Repsol has completed the sale of liquefied natural gas (LNG) assets with the handover to Shell of assets in Peru and Trinidad & Tobago, after obtaining all relevant authorizations. In October 2013, Repsol sold its stake in Bahía Bizkaia Electricidad (BBE) to BP, which exercised a purchase option over the asset.

The combined transactions represent total proceeds for Repsol of $4.3 billion ($4.1 billion from the sale of assets to Shell and $0.2 billion from the sale of BBE to BP), and the company additionally sheds financial commitments and non-consolidated debt in line with the figures announced in February 2013 when the assets´ sale was agreed upon.

The sale, which includes the minority stakes in Atlantic LNG (Trinidad & Tobago,) Peru LNG, and BBE, as well as the LNG sale contracts and time charters with their associated loans and debt, has generated $2.9 billion for Repsol in profit and capital gains after tax, slightly higher than the guidance given when the transaction was agreed upon in February.

As a consequence of the transferral of assets, and in line with the company’s policy of financial prudence, Repsol will adjust the book value of the North American assets with a provision of $1.5 billion after tax, in line with new fiscal regulations. The resulting capital gains yet to be booked will be included in the accounting of 2013 and 2014, in accordance with the transferral date of the assets included in the agreement.

Repsol and Shell have additionally signed an LNG supply agreement by the latter to the Canaport regasification terminal in Canada of 1 million tons over a 10-year period.

Following the completion of the sale, with an economic date set at September 30, 2012, Repsol reduces net debt by $3.3 billion and significantly strengthens its balance sheet. With this transaction, Repsol has divested assets for more than €5 billion, surpassing the objectives outlined in the 2012-2016 Strategic Plan to divest between €4 billion and €4.5 billion in the period.
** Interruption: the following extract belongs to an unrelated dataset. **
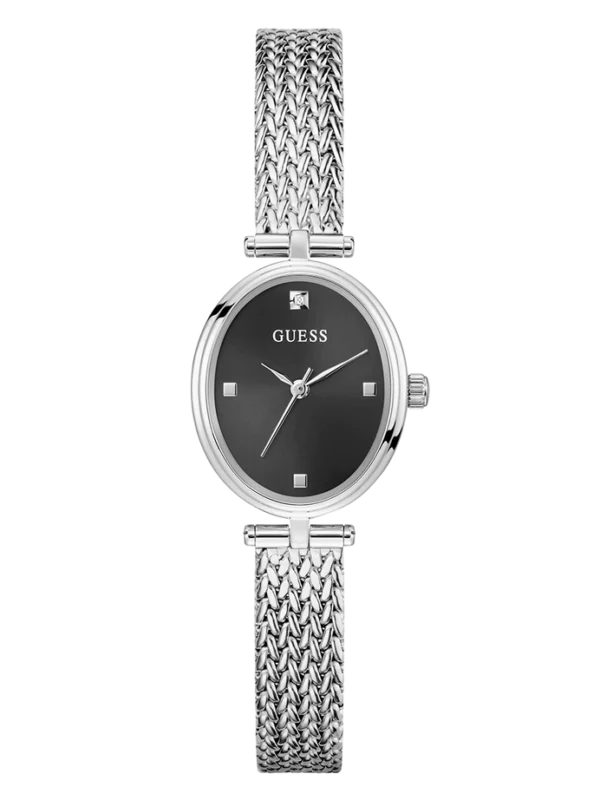 Montre Guess GW0935L1 femme ovale argentée, cadran noir et bracelet maille acier, vue de face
Repsol's debt is rated one rung above junk by the three main rating agencies, and Moody's has said its stance was strongly related to the ability of the oil company to reduce debt.

Alvaro Navarro, an analyst at Madrid broker Intermoney, said, "The formal closure of the operation helps to give visibility to the debt-reduction targets and the guidance lines set by the ratings agencies."